As much as I fancy Option A, there is a $532 billion industry boosting Option B. An ocean of options that, on any given day, I will dip my toe in. There are creams and serums in my bathroom, dyes in the laundry, and now and then I get a nice lady to vacuum my face. It feels a lot like being licked by a cat, which I would also try.
On the continuum between “sunscreen” and “face transplant” I’ve always stopped just short of “scalpel” but, in the interests of research, I took my face to a plastic surgeon and asked what she could do with it. It felt as risky as taking an old car to a mechanic – I fully expected a lot of tut-tutting and some version of “parts will be a bastard”.

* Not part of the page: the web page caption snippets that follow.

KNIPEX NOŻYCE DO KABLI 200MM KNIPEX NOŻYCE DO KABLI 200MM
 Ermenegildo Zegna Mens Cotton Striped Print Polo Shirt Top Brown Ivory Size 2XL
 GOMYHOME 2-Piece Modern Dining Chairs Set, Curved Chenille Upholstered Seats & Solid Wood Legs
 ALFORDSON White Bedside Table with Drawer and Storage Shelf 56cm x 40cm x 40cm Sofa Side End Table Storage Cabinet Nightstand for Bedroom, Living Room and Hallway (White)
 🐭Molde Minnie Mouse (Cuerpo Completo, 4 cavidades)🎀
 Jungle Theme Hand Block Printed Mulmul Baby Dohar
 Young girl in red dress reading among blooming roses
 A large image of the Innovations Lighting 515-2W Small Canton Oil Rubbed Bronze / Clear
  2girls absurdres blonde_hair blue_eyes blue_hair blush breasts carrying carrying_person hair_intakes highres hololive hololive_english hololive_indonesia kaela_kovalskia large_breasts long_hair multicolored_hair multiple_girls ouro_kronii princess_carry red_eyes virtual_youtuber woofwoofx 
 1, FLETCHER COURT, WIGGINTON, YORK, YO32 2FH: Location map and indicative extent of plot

Dr Meredith Simcock was actually really nice. She deals mainly in reconstructive surgery for women post-mastectomy, and her ethos is about helping women feel comfortable in their bodies, instead of creating something for the male gaze. Immediately, I trusted her not to suggest turning my used Cortina into a new Maserati.
She knows that, while men also look for ways to hold back the years, women are much more likely to end up sitting across the desk from a plastic surgeon. In gentler times, we might have picked up a glossy mag filled with images of unattainable perfection once or twice a week, but we still spent the bulk of our time looking at regular human faces.
Now, however, we are bombarded with images on our phones of over-filled, over-botoxed faces until they are imprinted on our minds as the norm. And then we look in the mirror and realise that we don’t look like those people.
Dr Simcock is a fan of wrinkles, particularly the “dynamic” kind – the lines your face makes when you express emotions but which disappear once the emotion passes. The trick, she says, is to catch these dynamic wrinkles before they become “static” – a worry line, for example, that sits on your face even when you’re not worried.
Which makes sense, right? Who needs a face that tells yesterday’s anxious story when today’s tale is serene?
For my face, “fat grafting filling” would be the go, she said. Take some fat from somewhere I didn’t need it and inject it elsewhere to recreate the fullness I’d once had. Cheeks, temple… Perhaps a firmer jaw line… Maybe take a little skin from the upper eyelids to open the eyes up… Just a bit of tinkering around to make the whole thing look fresher, like I’d had a long, restful holiday.
I had to think to myself at that point: maybe I’d just like a long, restful holiday.
That was about where I’d landed by the time the interview was over. I didn’t feel judged or crushed, and had no need for the tequila I’d laid in for the eventuality that I’d crawl home, broken and sad. It felt like there were two clear options – working hard and saving up to stick thigh fat in my face, or a couple of weeks off in Rarotonga, each of which might give the same result. And I like snorkelling.
Future me might make a different choice, of course. I had a long chat one evening with a friend, also in the business, who had seen my interview. She’d had some tinkering and she spoke highly of it – some of it thrilled her at the time, some of it still pleased her. Unspoken in that conversation was both of us acknowledging that how we look is, too often, a weapon used against us. And that there are days when you feel you have taken enough hits. I can totally understand Option B.
And yet… I still always come back to this Indigo Girls song that I like. I’ve been singing along to it for years. It’s about life on the road, and getting older and heavier, and not stopping but maybe resting long enough to celebrate what you’ve done. “With every lesson learned / a line upon your beautiful face / We’ll amuse ourselves one day / with these memories we’ll trace.”
It would be a shame not to see all the stories, right?